Tuesday, August 30, 2016

Ten Campers Killed in Ball of Fire

Ten campers, including children, were killed while camping along the Pecos River in SE New Mexico following an underground pipeline explosion.  Details at http://abcnews.go.com/US/story?id=96090&page=1

Tuesday, May 31, 2016

Cart Portage

I’ve spent the last couple days going through all my gear to see what could be multi-purposed or left behind, trying to reduce weight as much as possible.  While we were at Canoecopia, I purchased a Cooke Custom Sewing (http://www.cookecustomsewing.com/) Explorer Hybrid canoe pack, which is comparable to the standard #3 Duluth canoe pack.  With everything packed, here’s what I ended up with:
Camp Bag: tent, ground clothes, stakes, spare stove bottle, sleeping bag and mat, pillow = 24 lbs.
Food sack: meals and snacks for two weeks = 24 lbs.
Wanagan: all cooking gear, coffee, tea, drink mix, soap, medicines = 10 lbs.
Canoe Pack: foul weather gear, camp shoes, Hippies, dry suit, clothing, SPOT, GPS, guide & maps, map case, and  everything else not mentioned above = 30 lbs.
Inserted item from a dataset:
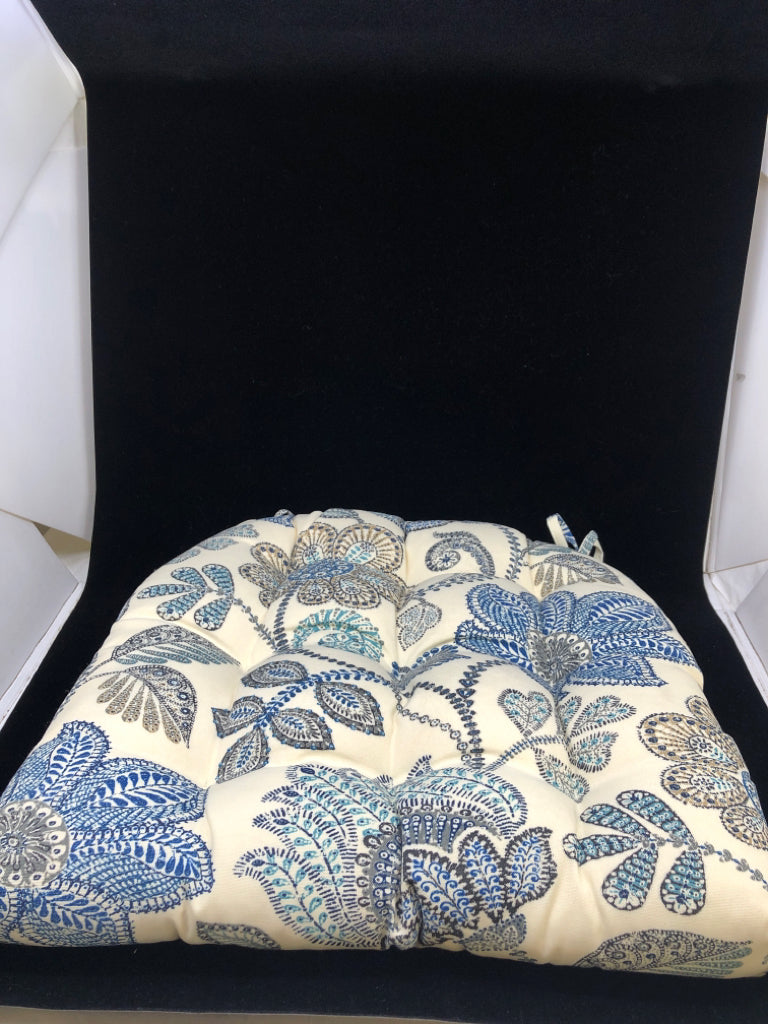 WHITE, BLUE, & GRAY FLORAL SEAT COVER.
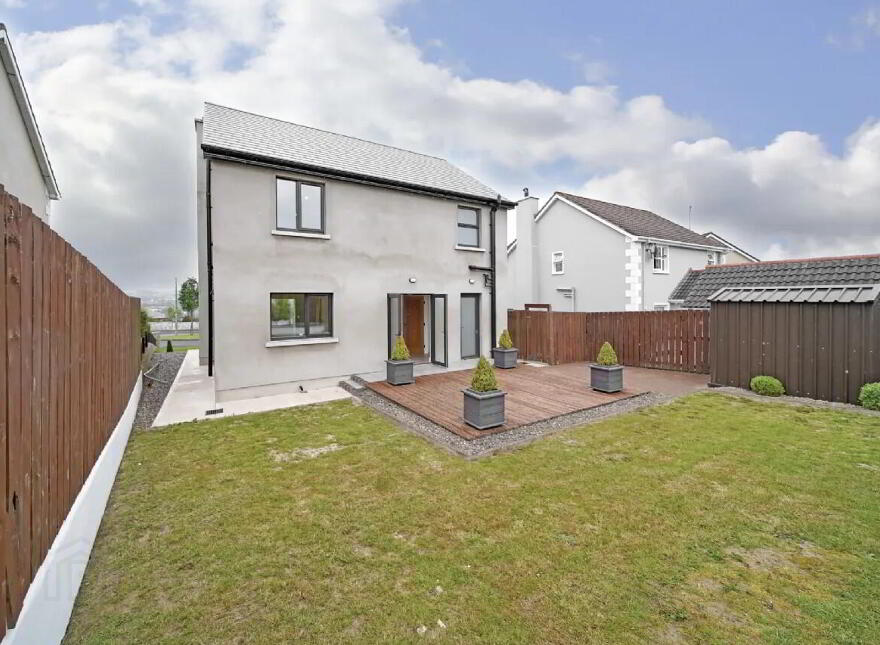 16 Oakwood Park, Lismonaghan, Letterkenny, F92A6W4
So, with canoe, cart, food, water, gear, and provisions, the weight on the ground all came to 177 lbs.  With the canoe on the cart, I jiggled and jostled until the canoe was balanced, attached a tow line and pole to the bow, and off we went to give the cart portage a go.  All went well on the pavement and packed gravel, but in thick grass, I could feel every one of those 177 pounds.
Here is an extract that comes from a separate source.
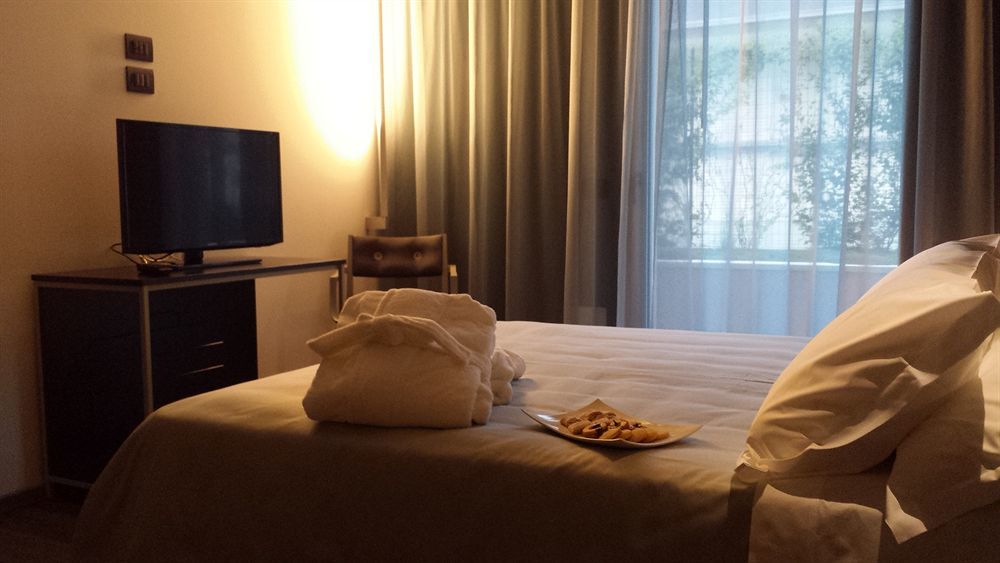 Hotel San Giorgio Riccione Buitenkant foto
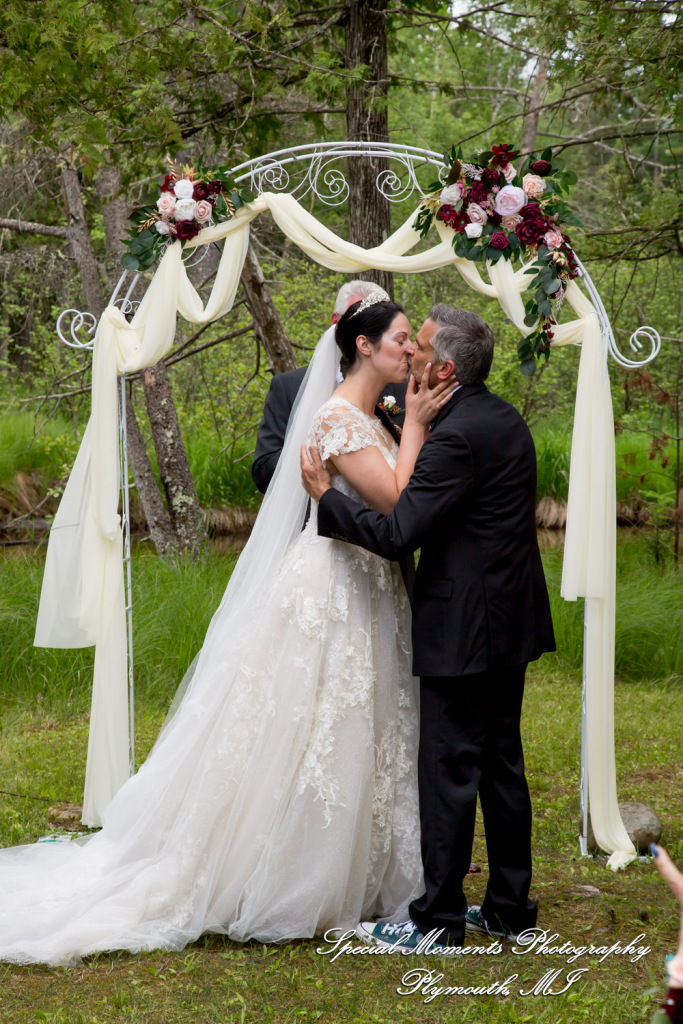 Amber & Tim at Canada Creek Ranch Atlanta MI wedding photography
The tow line was fastened to the bow handle and the forward thwart on the canoe, and then to a wide web belt I put around my waist.  It took only a couple miles to realize that with no skeletal support at the waist, that put all the strain on my spine, and I soon began to develop a sore back.  I stopped in the parking lot of the vo-tech school, lengthened both the line and pole, and after a short trial with the belt over one shoulder, pulled the belt up around my chest.  That helped a lot, but was still not the solution.  With this set up, however, I struck out and did 4.77 miles, which is just one mile shy of the Grand Portage.
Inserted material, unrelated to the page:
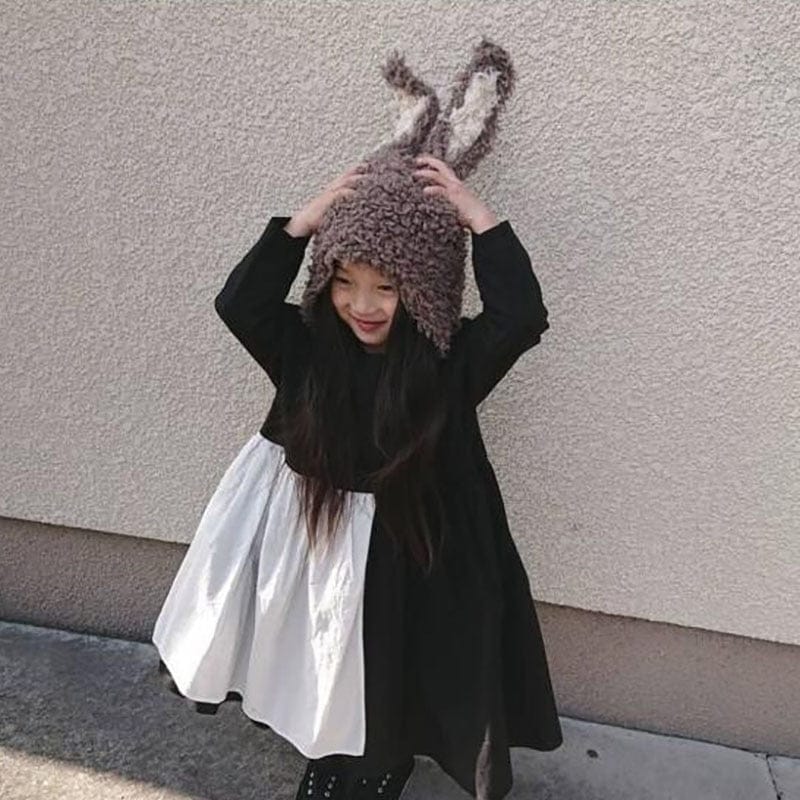 黒×白バイカラーの長袖フレアロングワンピース、広がるスカート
It was obvious I needed a harness that would employ both my torso and shoulders.  My thoughts logically turned to the man-overboard safety harnesses that had seen Jean and I safely across several ocean crossings and thousands of miles of open sea.  I won’t need the tether, since that leads from the front of the harness, or chest, but will wear just the harness with the tow line looped through the back of the harness.  Short of putting a motor on the cart, I think that is as good as it will get. 
While a canoe portage wouldn’t meet with a second thought up in New England, you have to appreciate the humor in towing a loaded canoe through cattle and wheat country, in the part of the country Gen. Zebulon Pike called the Great American Desert.  I had a couple vehicles slow down to about 5 mph as they passed.  I had to assume they were giving me a good stare, as I couldn’t see them through their heavily tinted windows.  One woman did pull alongside and roll her window down to ask, “Are you alright?”  “Fine,” I said, pointing at the loaded canoe, “just out for a little stress training.”  “Oh, that’s cool,” and she pulled away with a thumbs-up.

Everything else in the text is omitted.